I remember Saturday mornings waking up and turning on the TV to watch the time block dedicated to animated kids shows. This nostalgia is part of the appeal, yet as I begrudgingly became an adult it is the simple ridiculous moments mixed with the infallibility of the cartoons pliable nature. It mutated into a way to accept the crazy in life and instead of crying at life’s inconveniences, I would belt out a roaring laugh at the absurdity of it all.
Here are my Top Five favorite cartoons of all time.
Bob’s Burgers is my favorite. I enjoy the family dynamic and the similarity of the comedic family situation. It’s the regular dysfunction that really appeals to me. — Streaming on Hulu and HBO Max.
Archer is my second favorite. I love that egomaniac narcissist of Archer and how the spy game transitions into dream worlds and the Archer series reinvents itself almost in the middle of the series and still has the same characters you love, but new and different versions are explored. The series has brief moments where you get a glimpse of Archer as a reflective and deep individual before seconds pass and he’s back to being the center of his own universe.— Streaming on Hulu.

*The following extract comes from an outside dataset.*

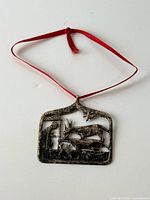 Front view of sterling silver ornament with red ribbon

Futurama is my stand by, when I am feeling down and that overwhelming feeling that the future is bleak takes over, I pop on Futurama. I love Futurama’s ability to make me laugh at tragedy. It is one of the best gifts. The nature of cartoons is varied and sometimes violent but the cartoon is an impossible fragment of imagination that can’t simply die. I love the prediction of future events and how bizarre and hilarious the solutions are to the missions the crew of Futurama take. — Streaming on Hulu.
Squidbillies is one of the weirdest cartoons created. It isn’t for everyone. The backwater humor is only funny because you know some undesirable rabble probably actually said it. I love it, mostly because I grew up with people in my family who embodied the characters of the family of squids. I guess family dysfunction is something I find fascinating because many of the cartoons I love play it out in some way. I love the monster trucks and the huge trucker hat that the main character wears and the mullet on a squid is just comedy gold. Raunchy sometimes and not for the faint of heart. — Streaming on Hulu and HBO Max.
5.King of the Hill
King of the Hill was never a favorite when I was a teen but as I got older I realized that I was missing the key component to appreciating this series — its dry humor. It’s the fact that it shouldn’t be funny because it wasn’t a joke but the characters’ roles make the series a comedy winner. It illustrates the generational divides and allows the audience to view the everyday situations of Hank, a type A man who loves his son but doesn’t understand him. He loves his father and respects him but is treated by his father like he regretfully claims him. It was a reality show without live action and much better writing. He now lives in the same suburban Texas neighborhood as his friends from high school.
Hank very much tries to be a man’s man, but life shows him that he has to duck and weave if he wants to have a deep connection to his son. — Streaming on Hulu.